Sebastian Junger and fellow combat journalist, Tim Heatherington, who was killed covering the Libyan civil war two years ago, envisioned a film project that would unfold in two parts, showing what troops experience both on and off the battlefield.  Korengal, directed by Junger with cinematography by both men, is not only a powerful companion piece to their 2010 Oscar-nominated documentary, Restrepo, but also a work that stands on its own as a remarkable record of war.  While Restrepo gave audiences a front row seat to combat, Korengal reveals the complex psychology behind it and the spiritual and emotional toll it can take, using never-before-seen footage and interviews with the men and commanders of Battle Company’s 2nd Platoon.

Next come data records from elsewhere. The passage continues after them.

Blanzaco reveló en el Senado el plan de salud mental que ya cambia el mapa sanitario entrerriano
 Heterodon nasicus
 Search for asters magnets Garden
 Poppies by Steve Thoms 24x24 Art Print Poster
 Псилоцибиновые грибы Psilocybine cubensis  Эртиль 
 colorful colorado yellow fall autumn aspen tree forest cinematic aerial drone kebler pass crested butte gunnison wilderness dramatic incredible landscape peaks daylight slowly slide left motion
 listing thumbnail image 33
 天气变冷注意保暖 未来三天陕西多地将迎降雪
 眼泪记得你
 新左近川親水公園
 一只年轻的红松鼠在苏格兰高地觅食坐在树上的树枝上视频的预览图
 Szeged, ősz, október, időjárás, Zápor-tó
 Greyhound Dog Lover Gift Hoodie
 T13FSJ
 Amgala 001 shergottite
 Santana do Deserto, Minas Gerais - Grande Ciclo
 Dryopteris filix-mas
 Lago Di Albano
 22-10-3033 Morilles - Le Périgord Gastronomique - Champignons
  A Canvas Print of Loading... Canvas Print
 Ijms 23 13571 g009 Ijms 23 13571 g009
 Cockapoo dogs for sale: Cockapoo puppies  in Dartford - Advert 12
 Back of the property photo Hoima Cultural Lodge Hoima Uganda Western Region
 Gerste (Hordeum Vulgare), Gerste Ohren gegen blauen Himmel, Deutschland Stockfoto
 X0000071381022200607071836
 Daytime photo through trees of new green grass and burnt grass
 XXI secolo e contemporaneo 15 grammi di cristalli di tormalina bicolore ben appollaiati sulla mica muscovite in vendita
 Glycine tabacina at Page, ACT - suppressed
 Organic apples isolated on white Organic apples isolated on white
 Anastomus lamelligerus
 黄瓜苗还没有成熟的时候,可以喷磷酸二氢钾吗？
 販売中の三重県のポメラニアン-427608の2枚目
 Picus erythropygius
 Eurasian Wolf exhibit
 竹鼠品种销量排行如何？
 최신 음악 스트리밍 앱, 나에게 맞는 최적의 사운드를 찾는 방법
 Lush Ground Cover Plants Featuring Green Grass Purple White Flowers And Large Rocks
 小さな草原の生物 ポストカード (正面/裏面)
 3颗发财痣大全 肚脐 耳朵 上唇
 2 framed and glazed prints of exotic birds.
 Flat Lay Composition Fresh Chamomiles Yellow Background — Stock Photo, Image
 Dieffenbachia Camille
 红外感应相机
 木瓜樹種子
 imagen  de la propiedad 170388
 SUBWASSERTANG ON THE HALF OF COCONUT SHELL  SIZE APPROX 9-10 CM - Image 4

In an exclusive interview, Junger spoke about what inspired him to become a combat journalist and explore the experiences of the American soldier in combat, the logistical challenges he encountered shooting in a harsh and dangerous environment, his collaboration with film editor Michael Levine, the difficulties many soldiers face when they return home from deployment, his hope that the film will help soldiers and civilians understand the effects of war more realistically, the film’s clever financing and distribution strategy, how the journey has changed him personally, and his upcoming projects:  an HBO film, The Last Patrol, and a screenplay in development, Blood Oil.  Read the full interview after the jump.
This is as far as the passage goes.